1. $\mathbb{1}_{A\triangle B} =|\mathbb{1}_A-\mathbb{1}_B|$ From this is clear that
2. If $A\subset B$, then $B\setminus A=B\triangle A$
3. For any sets $A,B, C$, $\mathbb{1}_{A\triangle B}\leq \mathbb{1}_{A\triangle C} + \mathbb{1}_{C\triangle B}$. This in particular implies that $\mu(A\triangle B)\leq \mu(A\triangle C) +\mu(C\triangle B)$ for all $A,B,C\in\Sigma$.

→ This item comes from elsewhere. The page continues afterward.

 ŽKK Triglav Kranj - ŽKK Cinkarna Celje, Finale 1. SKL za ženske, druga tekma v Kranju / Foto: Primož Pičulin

Finally, 4. For any set $A_1,\ldots, A_n$ and $B_1,\ldots B_n$ $$\begin{align}\big(\bigcup^n_{j=1}A_n \big)\triangle\big(\bigcup^n_{k=1}B_k\big)&= \Big(\big(\bigcup^n_{j=1}A_j\big)\cap\big(\bigcup^n_{k=1}B_k\big)^c\Big)\cup\Big(\big(\bigcup^n_{k=1}B_k\big)\cap\big(\bigcup^n_{j=1}A_j\big)^c\Big)\\ &=\Big(\bigcup^n_{j=1}\big(A_j\cap\bigcap^n_{k=1}B^c_k\big)\Big)\cup\Big(\bigcup^n_{k=1}\big(B_k\cap\bigcap^n_{j=1}A^c_j\big)\Big)\\ &\subset\Big(\bigcup^n_{j=1}(A_j\setminus B_j)\Big)\cup\Big(\bigcup^n_{k=1}B_k\setminus A_k\Big)\\ &=\bigcup^n_{j=1}A_j\triangle B_j \end{align}$$ This implies that $$\mu\Big(\big(\bigcup^n_{j=1}A_n\big)\triangle\big(\bigcup^n_{k=1}B_n\big)\Big)\leq \sum^n_{j=1}\mu(A_n\triangle B_n)$$

Answer 2

Hints: Choose $F_n \in \mathcal A$ such that $\mu (E_n\Delta F_n)<\frac {\epsilon} {2^{n}}$. Check that $(\bigcup E_n) \Delta (\bigcup F_n )\subseteq \bigcup (E_n \Delta F_n)$. Of course, $\bigcup F_n$ need not be in $\mathcal A$. So we have to replace it with $\bigcup\limits_1^{N} F_n$ with large enough $N$. Since $\mu$ is a finite measure $\mu(\bigcup\limits_{1}^{N} F_n) \to \mu(\bigcup F_n )$ as $N \to \infty$.